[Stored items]
──────────────────────────────
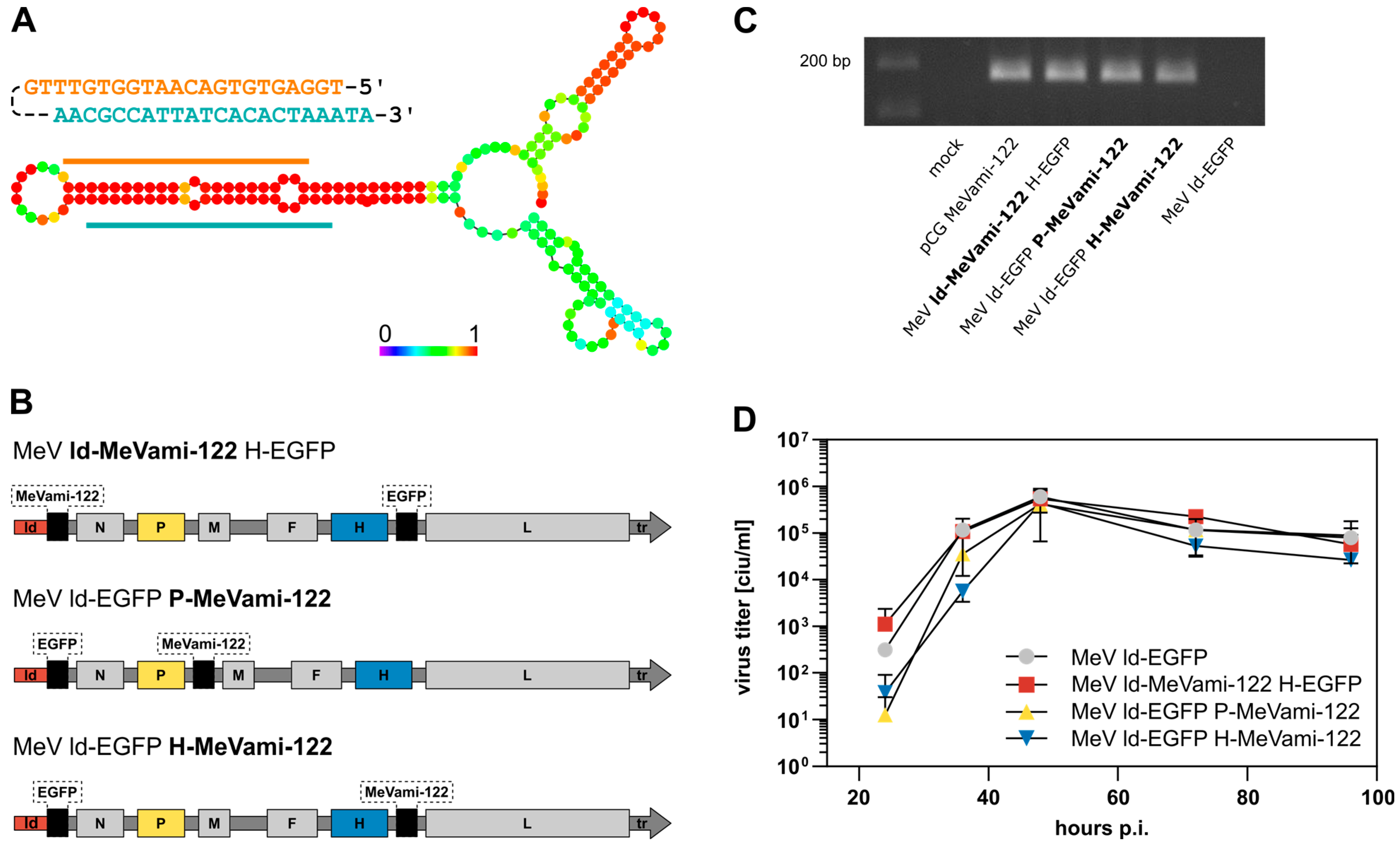 Viruses 15 00308 g001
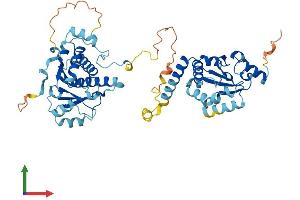 AlphaFold protein structure predicition of Mouse Recombinant Gdap2 Protein, UniprotID Q9DBL2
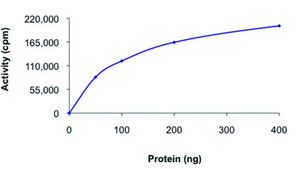 TLK2 (388-end), active, GST tagged human PRECISIO® Kinase, recombinant, expressed in baculovirus infected Sf9 cells, ≥80% (SDS-PAGE), buffered aqueous glycerol solution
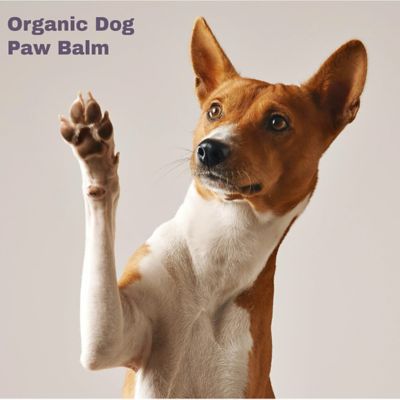 Image showing  Healing and Soothing Organic Toxin-Free Paw and Nose Balm for Dogs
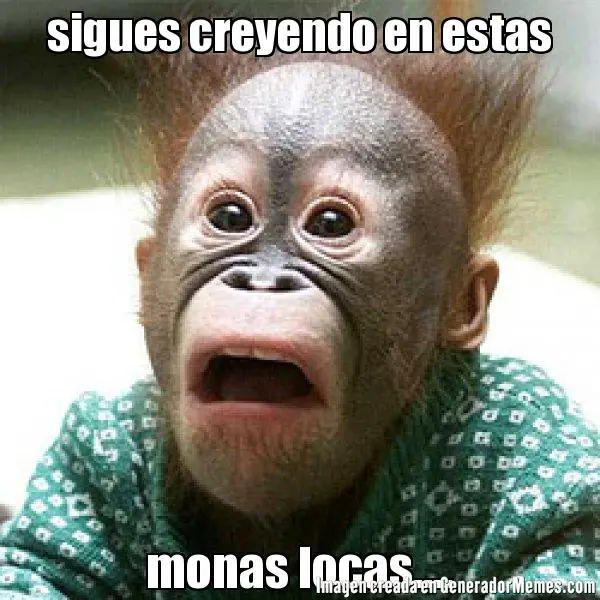 Imágenes graciosas de 4 monas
──────────────────────────────
▶ **Exercise description**: Could the entries above be written out word for word, with no pictures?

▶ **Response below**:
 Viruses 15 00308 g001
 AlphaFold protein structure predicition of Mouse Recombinant Gdap2 Protein, UniprotID Q9DBL2
 TLK2 (388-end), active, GST tagged human PRECISIO® Kinase, recombinant, expressed in baculovirus infected Sf9 cells, ≥80% (SDS-PAGE), buffered aqueous glycerol solution
 Image showing  Healing and Soothing Organic Toxin-Free Paw and Nose Balm for Dogs
 Imágenes graciosas de 4 monas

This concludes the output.